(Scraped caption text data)
=== Begin Enclosure ===

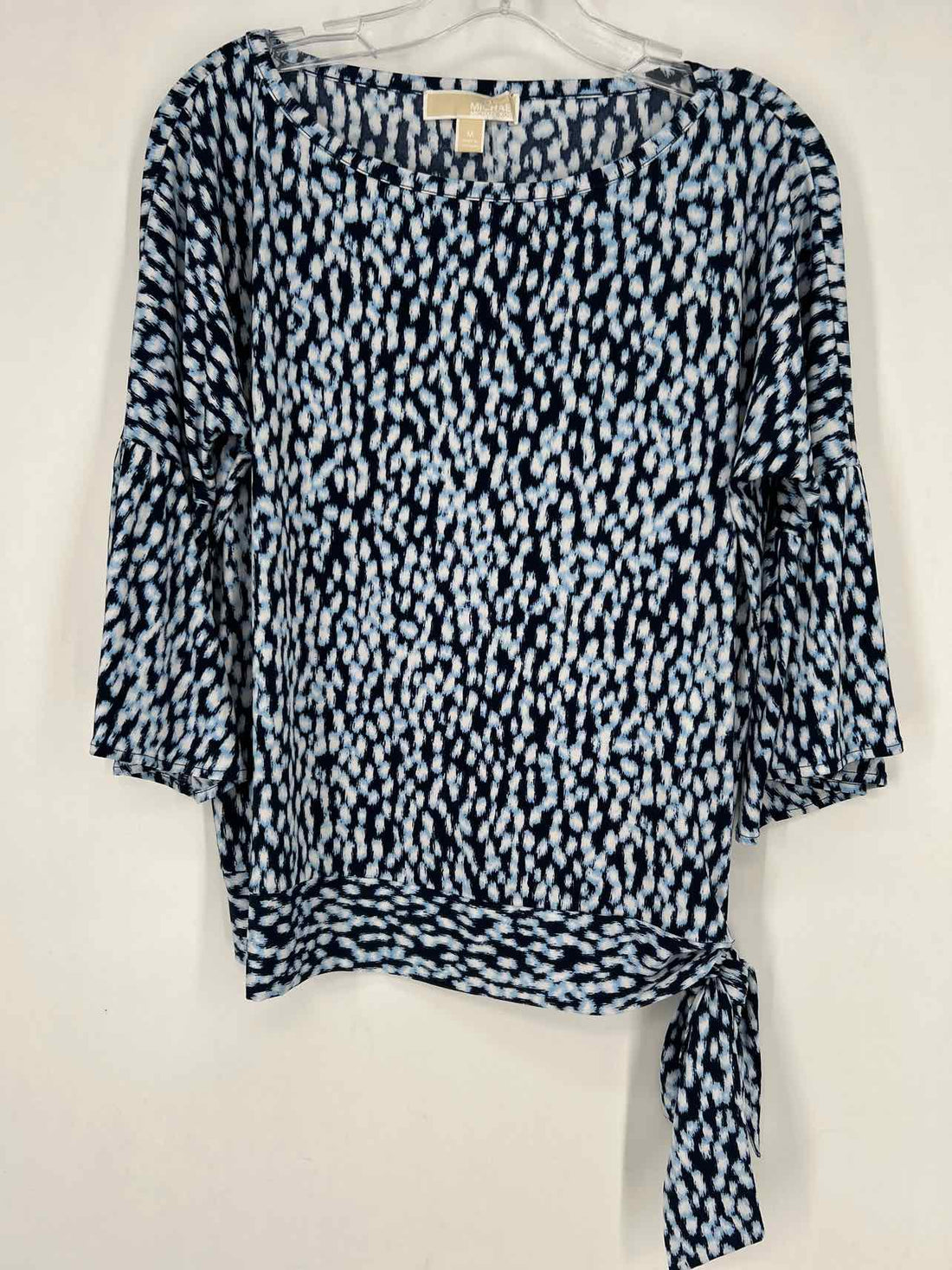 Michael Kors Size M Navy & White Print Long Sleeve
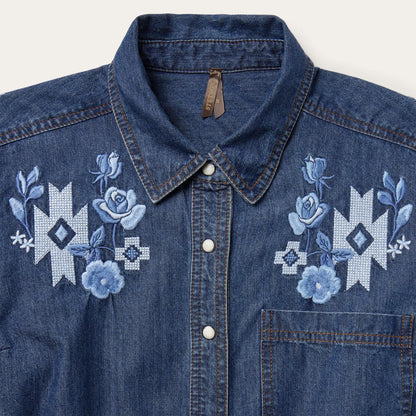 Women Mini Stetson Dark Blue Denim Shirt Dress Blue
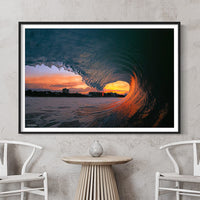 Black Framed Ocean Print - Sunset surf art - Ocean Artwork - Surfing Prints - Mooloolaba Beach Wall Art - Mooloolaba Beach Picture - Australian framed prints - custom framed prints
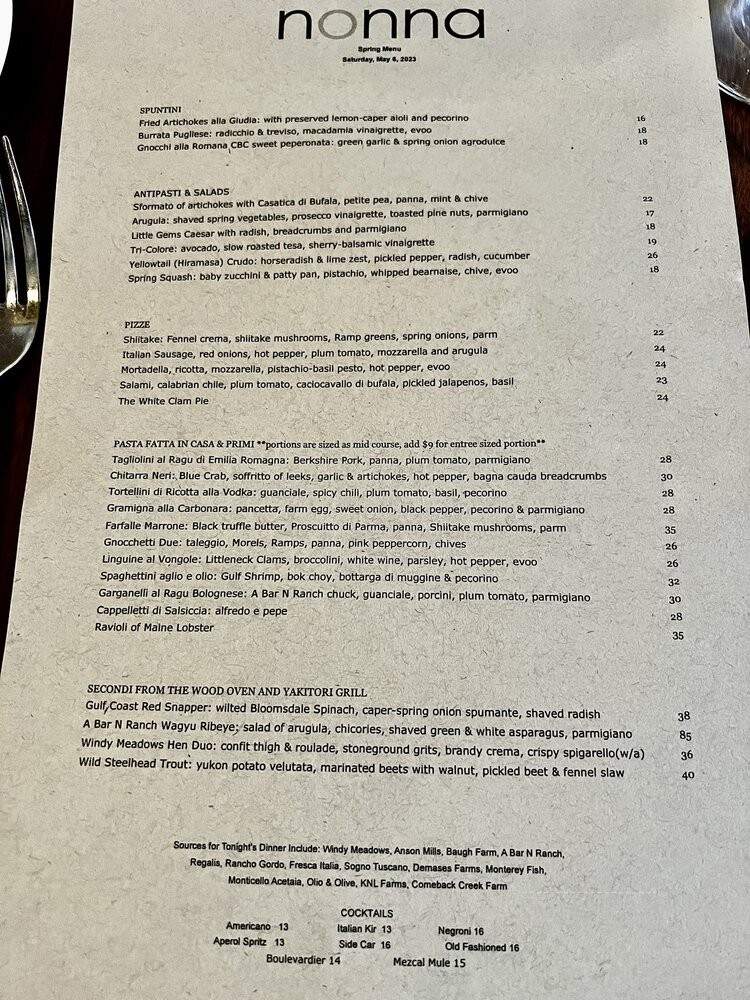 Nonna - Dallas, TX menu_pic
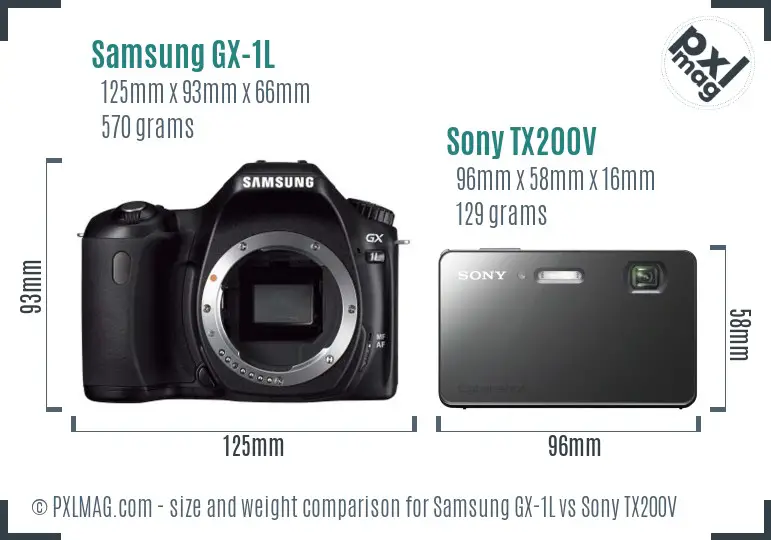 Samsung GX-1L vs Sony TX200V size comparison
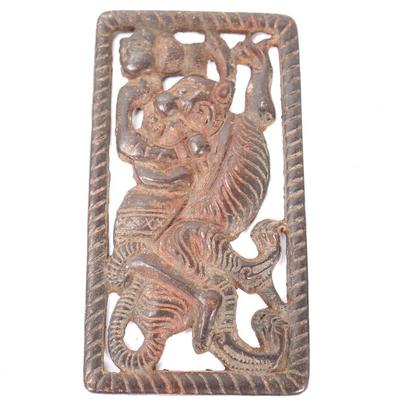 Sale Photo Thumbnail #354: Lot 356 bronze chinese plaque rider on tiger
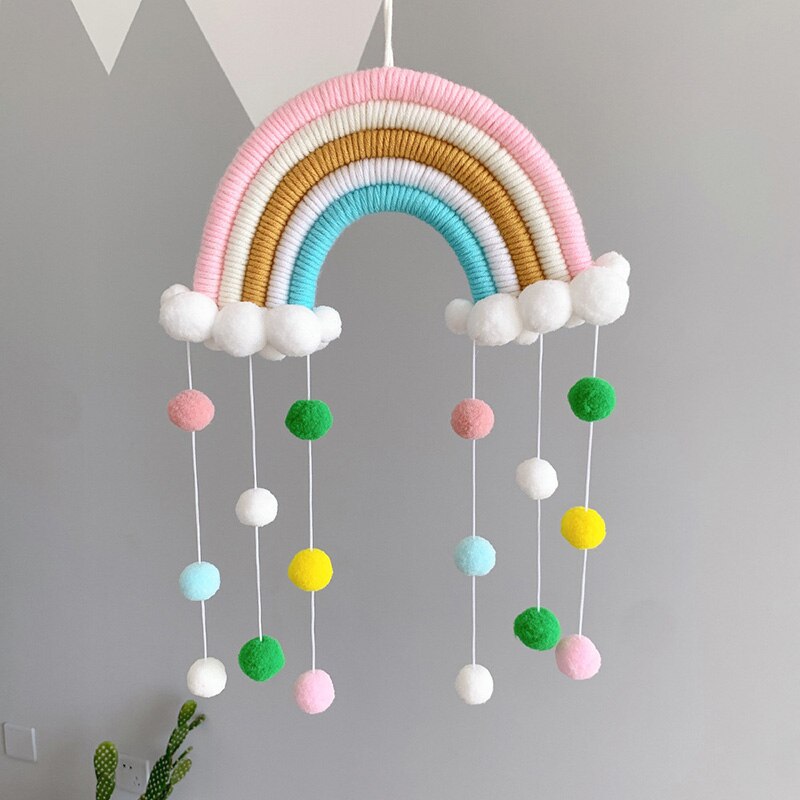 DIY Seil Regenbogen Zauberstab Hängende Dekoration Handarbeit Gewebt Regenbogen Dekoration nordisch Baby Zimmer Zubehör Wohnzimmer Wohnkultur
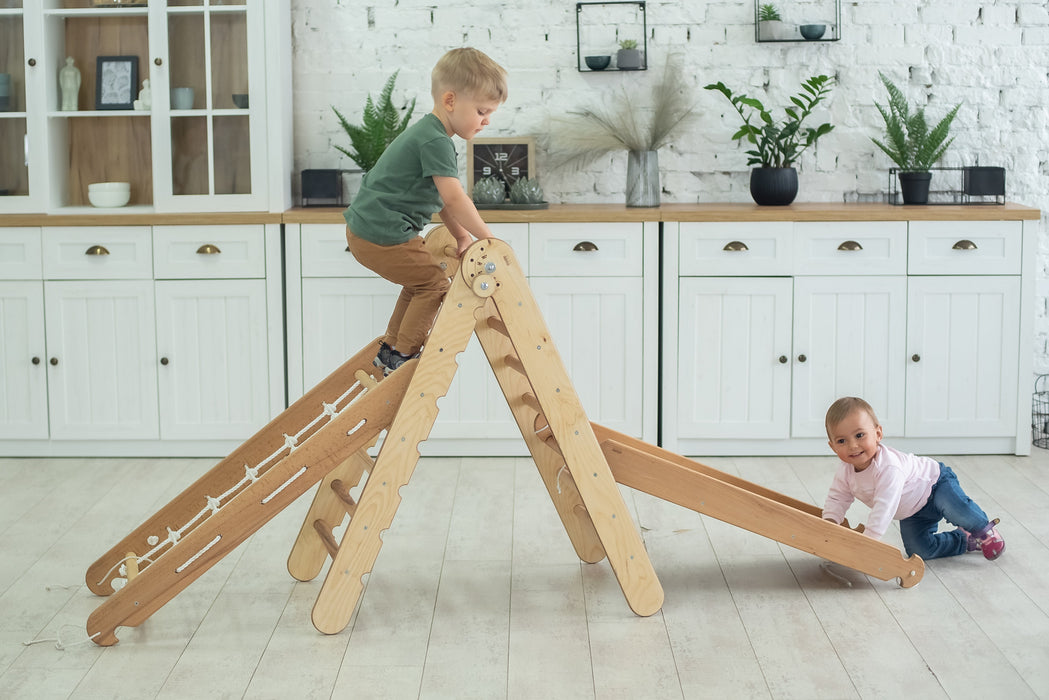3-in-1 Montessori Climbing Frame Set: Triangle Ladder + Net + Slide Board/Ramp - Beige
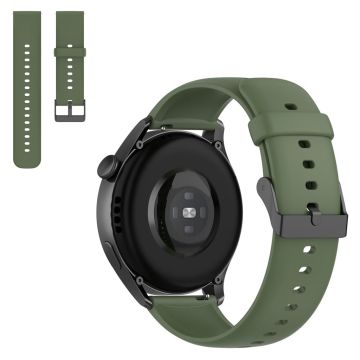 22mm silicone watch strap in stainless steel buckle for Huawei watch - Dark Green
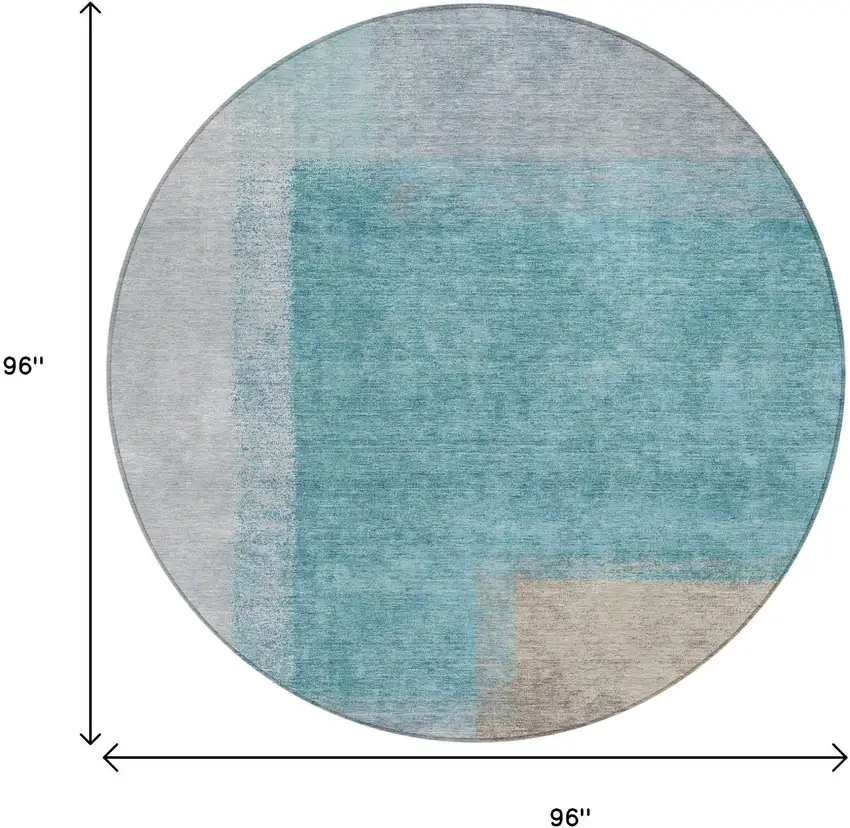 8' Teal Blue Ivory And Gray Round Abstract Washable Indoor Outdoor Area Rug Photo 3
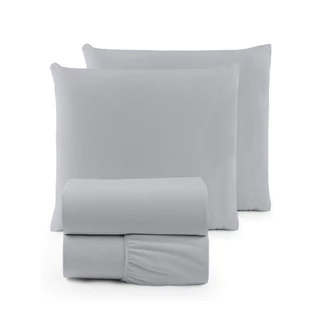 Jogo de Cama Casal 3 Peças 400 Fios Macio Lençol c/ Elático + Fronhas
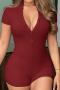 plus size pure color stretch single breasted stylish slim ribbed knit playsuit_Black_Gray_Rose Red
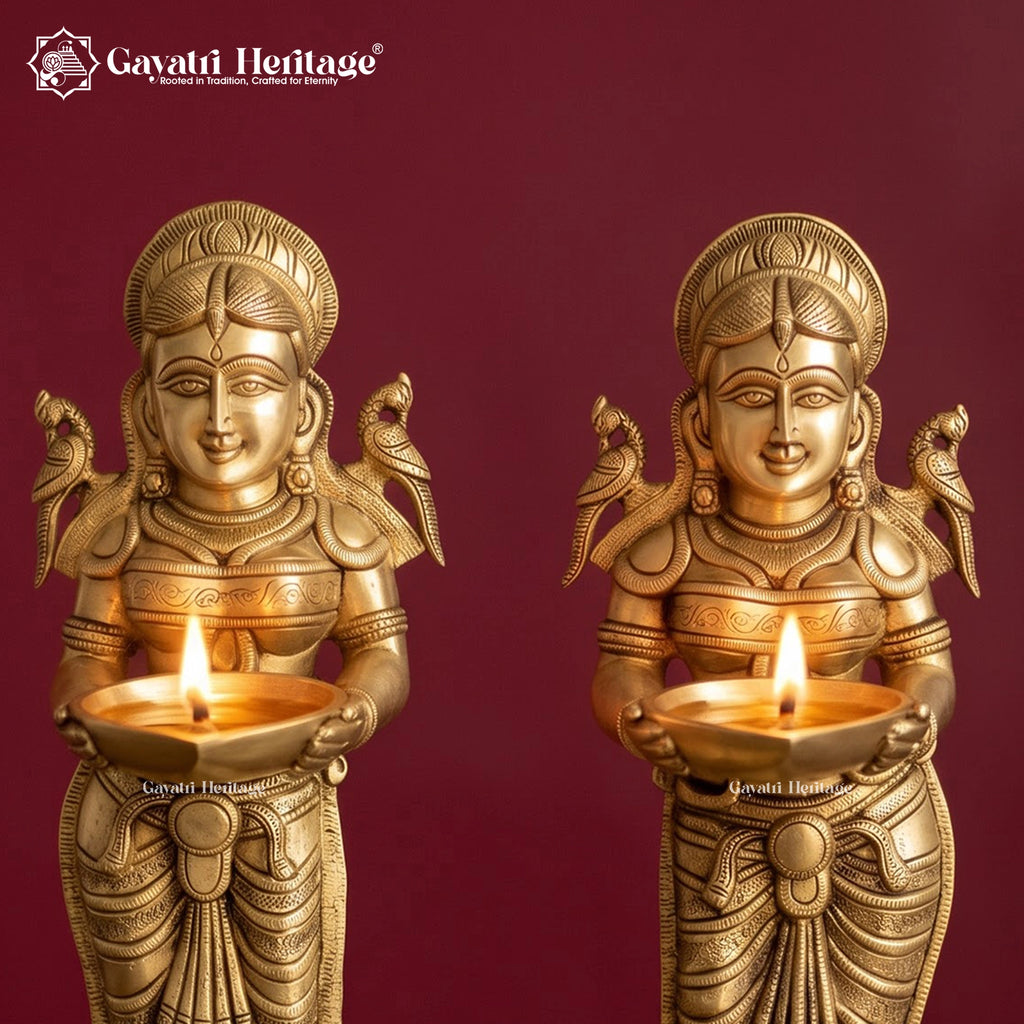 Brass Deepalakshmi Diya Pair Set of 2, Paavai Vilakku Oil Lamps with Parrots, Traditional South Indian Temple Decor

=== End Enclosure ===

INSTRUCTIONS FOR THE TASK:
Once you find the line containing "3-in-1 Montessori Climbing", transcribe it and each line after it to the end of the records exactly, and leave out the pictures.

WRITTEN RESPONSE:
3-in-1 Montessori Climbing Frame Set: Triangle Ladder + Net + Slide Board/Ramp - Beige
 22mm silicone watch strap in stainless steel buckle for Huawei watch - Dark Green
 8' Teal Blue Ivory And Gray Round Abstract Washable Indoor Outdoor Area Rug Photo 3
 Jogo de Cama Casal 3 Peças 400 Fios Macio Lençol c/ Elático + Fronhas
 plus size pure color stretch single breasted stylish slim ribbed knit playsuit_Black_Gray_Rose Red
 Brass Deepalakshmi Diya Pair Set of 2, Paavai Vilakku Oil Lamps with Parrots, Traditional South Indian Temple Decor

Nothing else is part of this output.